BLM to hire fertility control coordinator

/ In The News, News

Photo taken at the Salt Wells Herd Management Area in Wyoming by Meg Frederick.

The Bureau of Land Management has begun the process of hiring a fertility control coordinator for its Wild Horse and Burro Program — a step we are pleased to see.

We strongly support the use of proven, safe and humane fertility control to slow wild horse and burro population growth so that decades of failed capture-and-removal-only management can be brought to an end.

To be clear: This new position must be more than window dressing.

It must be part of a transition to meaningful implementation of fertility control as a real management tool.

Congress has begun providing additional funding for fertility control, and its use has gained both strong public and broad stakeholder support.

Population modeling shows that the BLM must immediately implement fertility control if it is to stabilize herd growth.

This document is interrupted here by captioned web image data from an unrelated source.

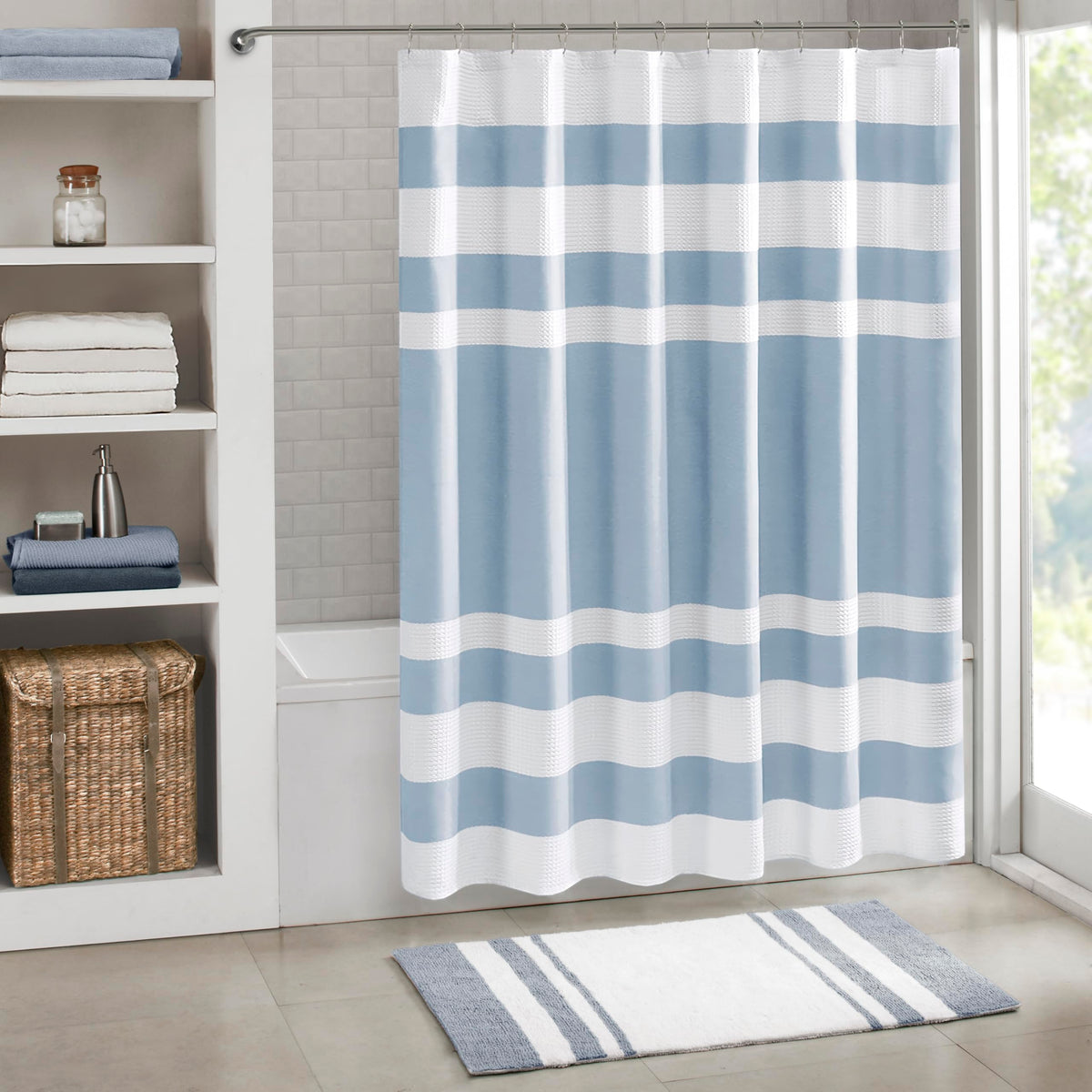 Madison Park Spa Waffle Curtain stripe design adds modern spa vibes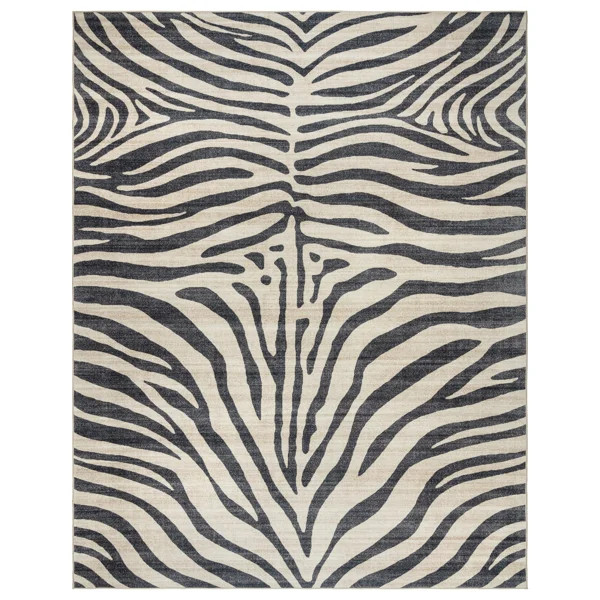 Samira Zebra Black Ivory Cream Machine Washable Modern Animal Print Indoor Area Rug, Flat Pile fo... | Wayfair North America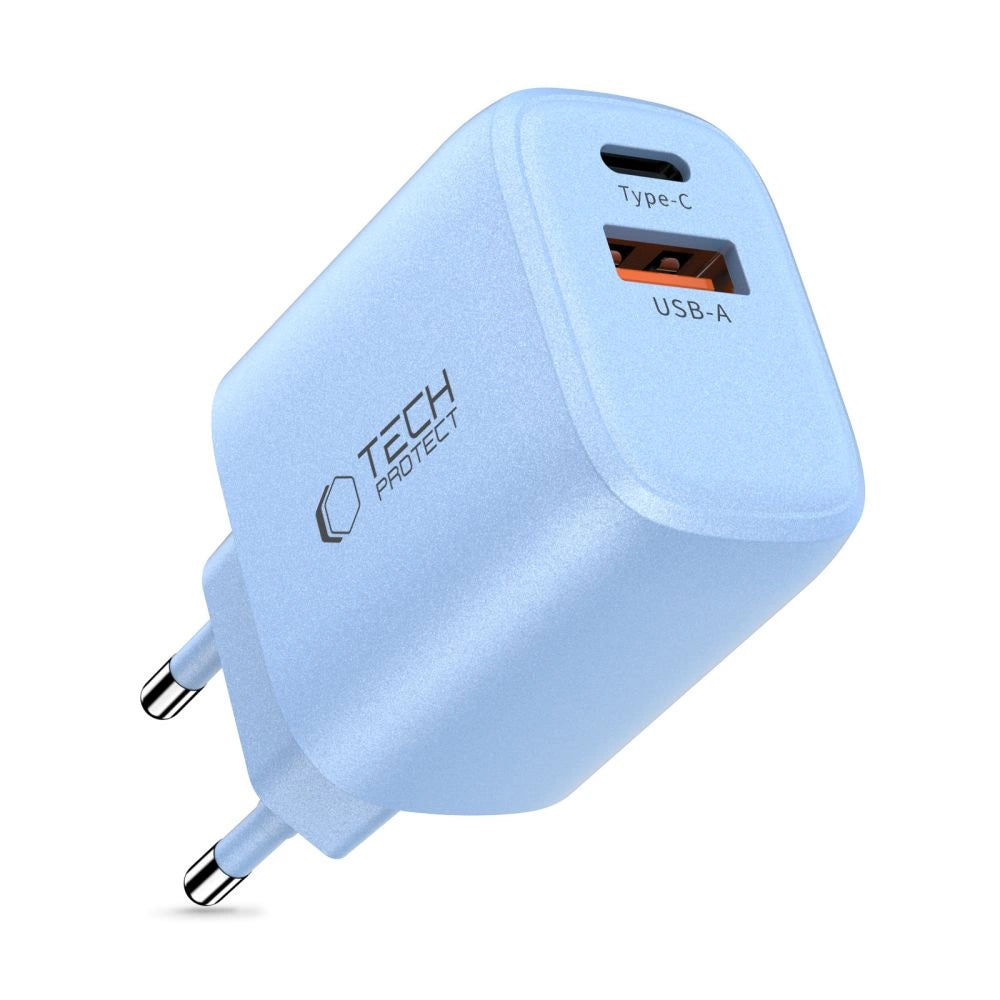 Tech-Protect NCA20 PD 20W QC3.0 USB-A / USB-C Wall Charger - Blue_1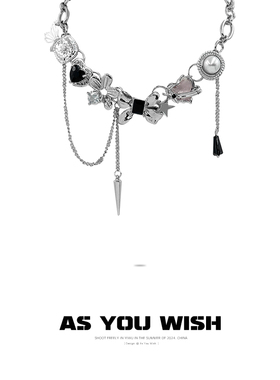 甜酷蝴蝶结爱心花朵锁骨链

The BLM maintains it will use fertility control — but only after it reaches its arbitrary “Appropriate Management Levels” — 26,785 total wild horses and burros across 10 Western states.

From 2019-23, the BLM removed 57,997 wild horses and burros from the range and applied only 4,936 fertility control treatments.

The agency estimates there are 73,520 wild horses and burros roaming public lands that it oversees.

Meanwhile, the number in off-range holding facilities has climbed to more than 66,000. The agency spends more than $109 million annually (69% of its program budget) on holding.

The exploding cost of warehousing captured horses has stymied progress toward more humane and sustainable herd management on-range.

After long promising to create such a position, the BLM posted the opening on Thursday with an application period ending on Oct. 31 — only 15 days.

We urge the BLM to conduct a thorough search and hire a knowledgeable and motivated fertility control coordinator.